On Tue, Nov 29, 2011 at 3:40 PM, Mayo Adams <mayoad...@gmail.com> wrote:

>  I cant immediately see how anything in a script is
> anything other than a representation of some kind, hence the
> distinction between representamen and object does no work for me.
>

That's exactly it - when you have something like this in a file named, say
data.txt:

("This", 'is', 'a', 'silly', 'tuple')

Then that's all it is - just text data. I happens to *look* like a tuple,
but it's not. If you rename that file to data.py... well, it's still text
data. If you add an assignment operation to the line:

data = ("This", 'is', 'a', 'silly', 'tuple')
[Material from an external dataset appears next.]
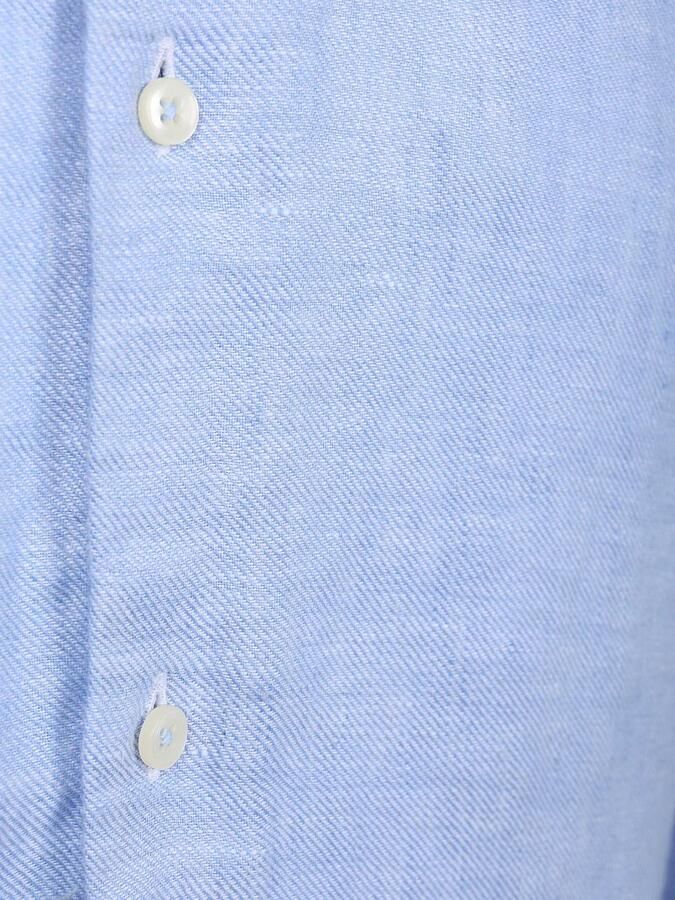 Suitable Overhemd Linnen Mid Blue - Foto 4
Then you could actually import it with `from data import data`. Once the
data is actually evaluated, then it's "live" - it really is a tuple, and it
can be used in tuple-ish ways.

I think the main reason to make a distinction like that is that if you
encounter a .py file with data like this:

> "__import__('os').system('echo i got you now rm-rf')"

You know it's probably going to do some bad things to your system if you
run it. If you open that in a text editor, on the other hand, it's unlikely
to do anything painful.

I think there's also some use in making the distinction between data and
code. Python provides you with /ridiculously/ easy ways to read in data. So
if you have a bunch of strings that you want in a tuple you should do
something like:

data = tuple(f.open('data.txt').readlines())

Which has the added advantage of *just* reading in strings. If you want to
convert that data into other types (integer, float, etc.) then you can
easily do it explicitly, and explicit is better than implicit.

In reality of course, all the data is just 1's and 0's floating out there,
but I think it's helpful to develop these abstractions.